◆ Exercise description ◆
The line containing "Layered Short Haircuts" and every line after it to the end of the records: set those down exactly, without any pictures.

^^^^^^^^^^^^^^^^

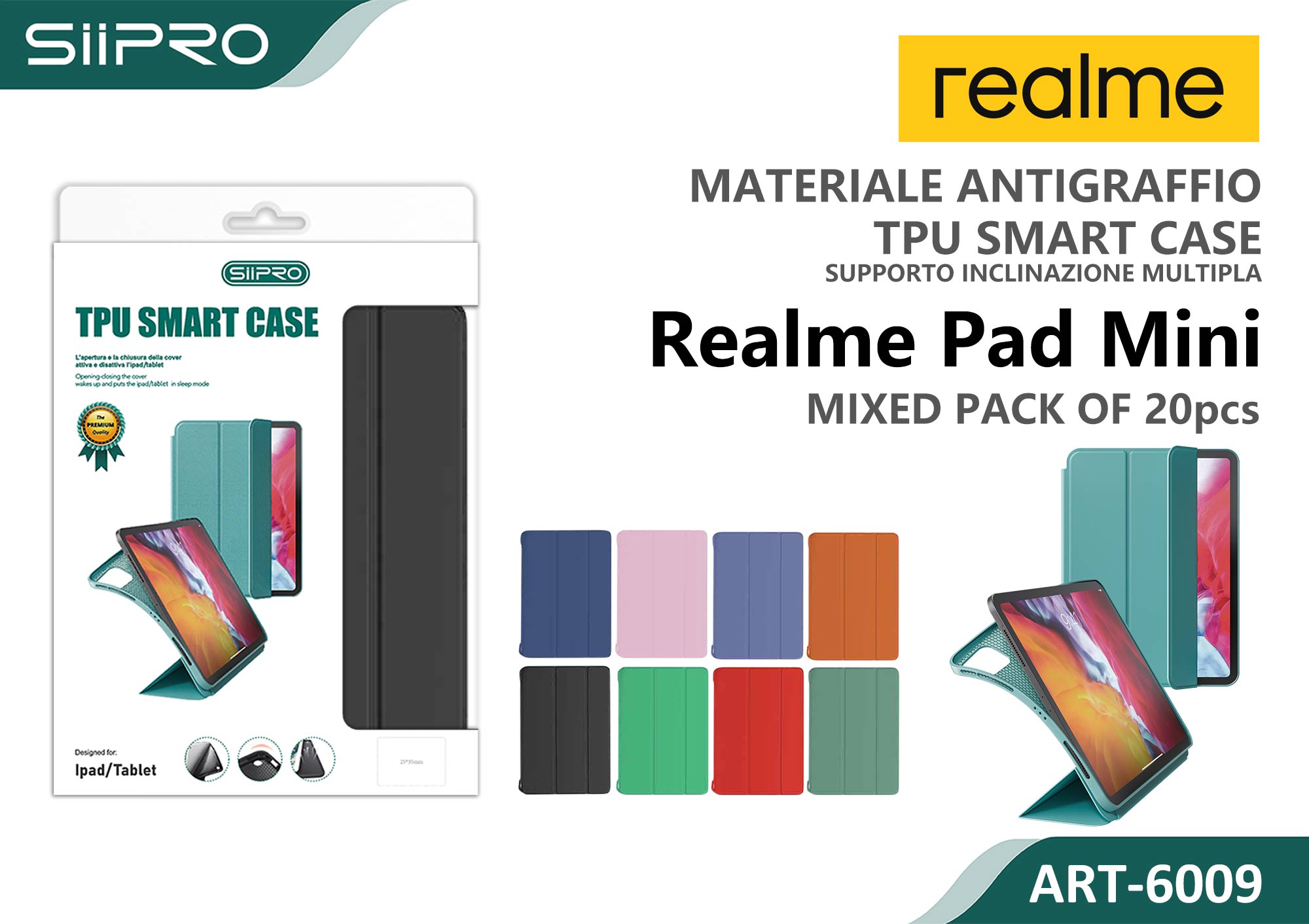 6009-REALME-PADMINI COVER REALME PADMINI - immagine 1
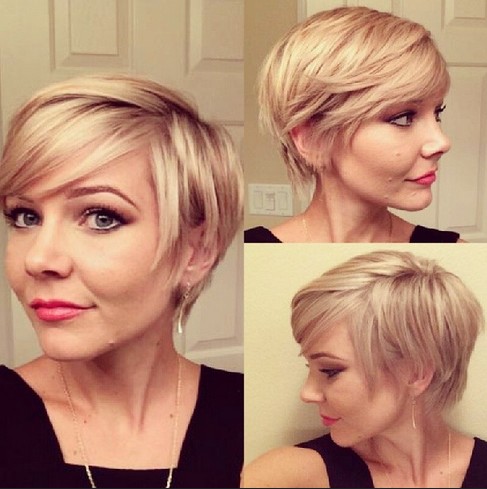 Layered Short Haircuts for Women: Spring and Summer Hairstyles .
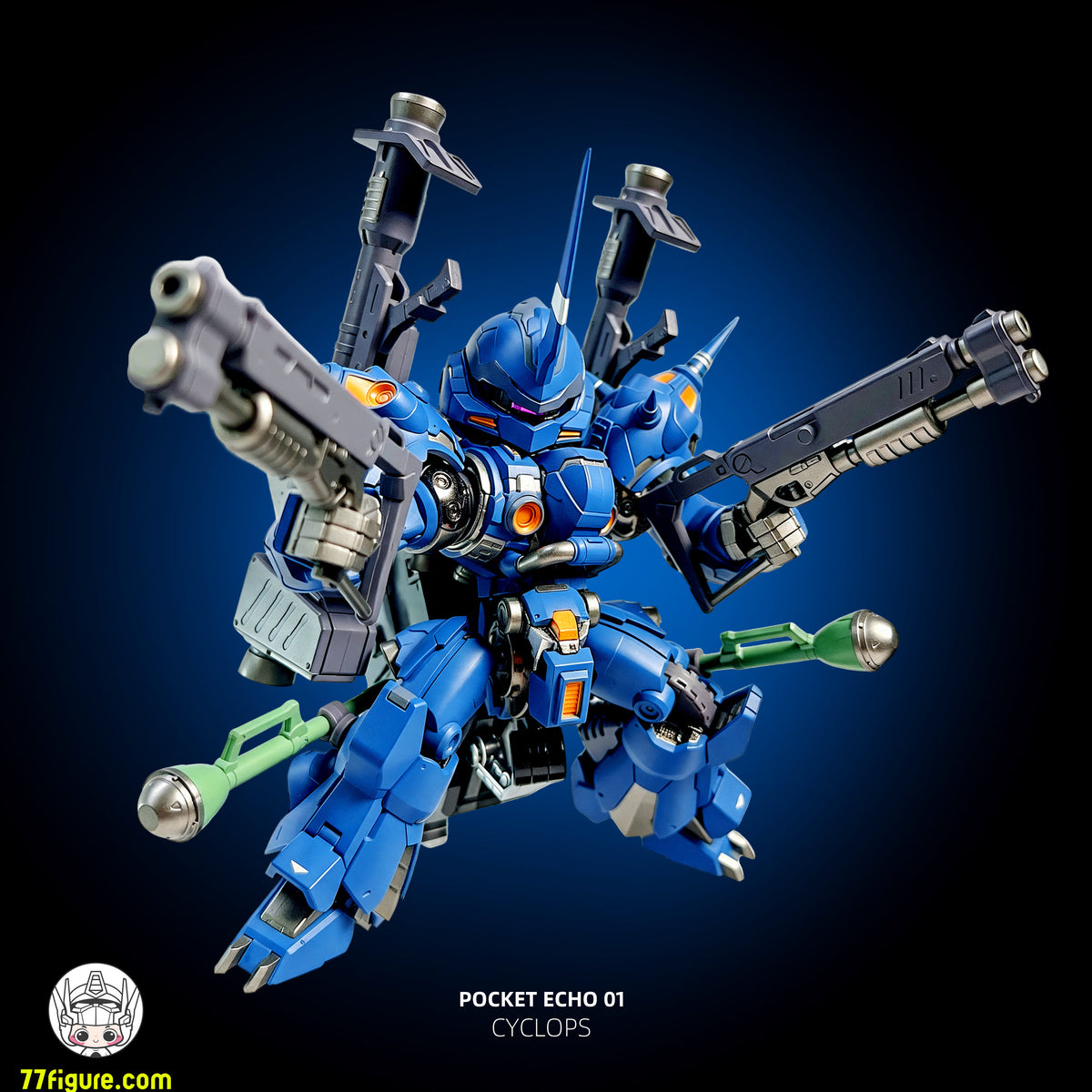 【予約商品】Lucky Cat POCKET RECO PR-01 サイクロプス 塗装済み可動フィギュア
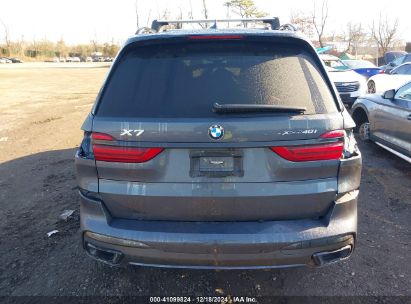 Lot #3042564523 2021 BMW X7 XDRIVE40I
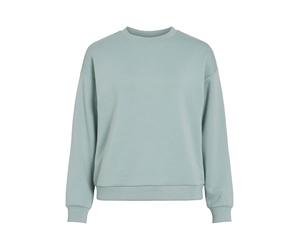 Vila Visandy L/S Felpa Top - Noos, Blu Surf, XXL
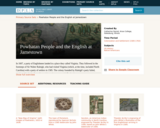 Powhatan People and the English at Jamestown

^^^^^^^^^^^^^^^^

◆ Solved exercise ◆
 Layered Short Haircuts for Women: Spring and Summer Hairstyles .
 【予約商品】Lucky Cat POCKET RECO PR-01 サイクロプス 塗装済み可動フィギュア
 Lot #3042564523 2021 BMW X7 XDRIVE40I
 Vila Visandy L/S Felpa Top - Noos, Blu Surf, XXL
 Powhatan People and the English at Jamestown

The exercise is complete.